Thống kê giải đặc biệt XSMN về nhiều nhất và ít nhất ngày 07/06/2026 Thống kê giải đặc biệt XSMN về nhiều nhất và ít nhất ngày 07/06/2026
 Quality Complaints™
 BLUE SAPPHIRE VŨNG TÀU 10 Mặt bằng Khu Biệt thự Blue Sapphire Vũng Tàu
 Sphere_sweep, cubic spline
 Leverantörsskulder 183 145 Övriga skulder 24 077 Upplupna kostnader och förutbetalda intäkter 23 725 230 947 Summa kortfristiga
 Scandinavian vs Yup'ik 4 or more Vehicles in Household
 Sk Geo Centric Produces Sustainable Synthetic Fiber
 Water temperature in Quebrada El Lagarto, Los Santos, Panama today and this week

What this task involves: Nothing but the lines from the one with "Sphere_sweep, cubic spline" to the last line of the data should appear in the answer, each exactly as it stands.

Problem solution:
 Sphere_sweep, cubic spline
 Leverantörsskulder 183 145 Övriga skulder 24 077 Upplupna kostnader och förutbetalda intäkter 23 725 230 947 Summa kortfristiga
 Scandinavian vs Yup'ik 4 or more Vehicles in Household
 Sk Geo Centric Produces Sustainable Synthetic Fiber
 Water temperature in Quebrada El Lagarto, Los Santos, Panama today and this week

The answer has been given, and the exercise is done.